**STORED DATA:**
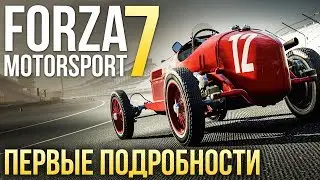 Forza Motorsport 7 | Первые подробности с E3 2017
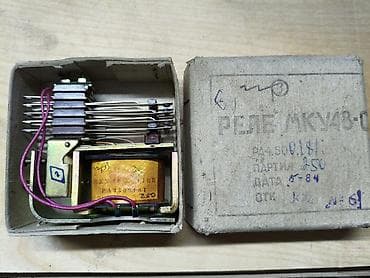 Магнитолы: Электромагнитное реле МКУ48С Описание: - Тип: многоконтактное — 1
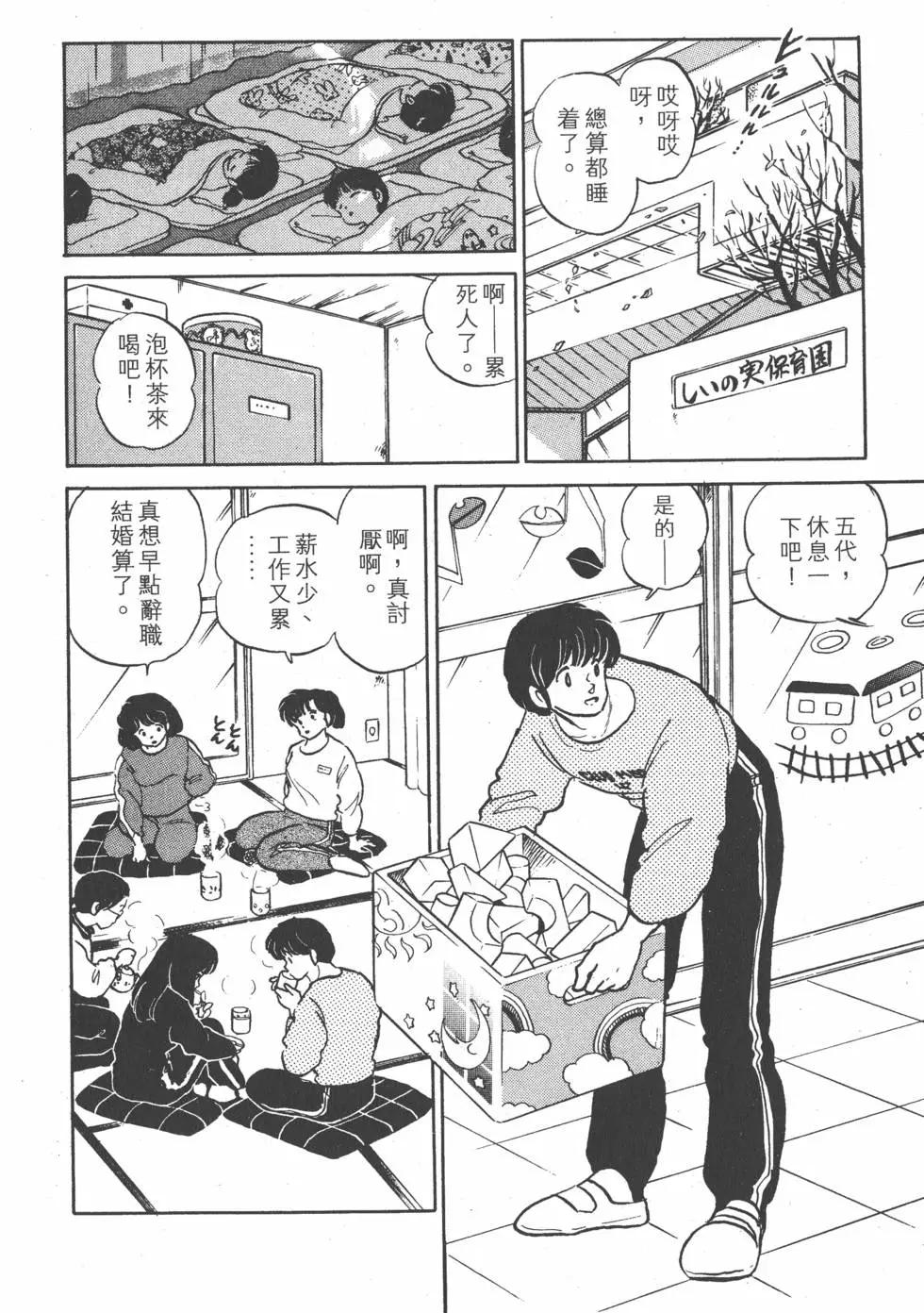 第15卷121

**BRIEF:** Quote precisely the lines of the data from the line containing "Магнитолы: Электромагнитное реле" through its final line, both included, excluding pictures.

**ANSWER AREA:**
 Магнитолы: Электромагнитное реле МКУ48С Описание: - Тип: многоконтактное — 1
 第15卷121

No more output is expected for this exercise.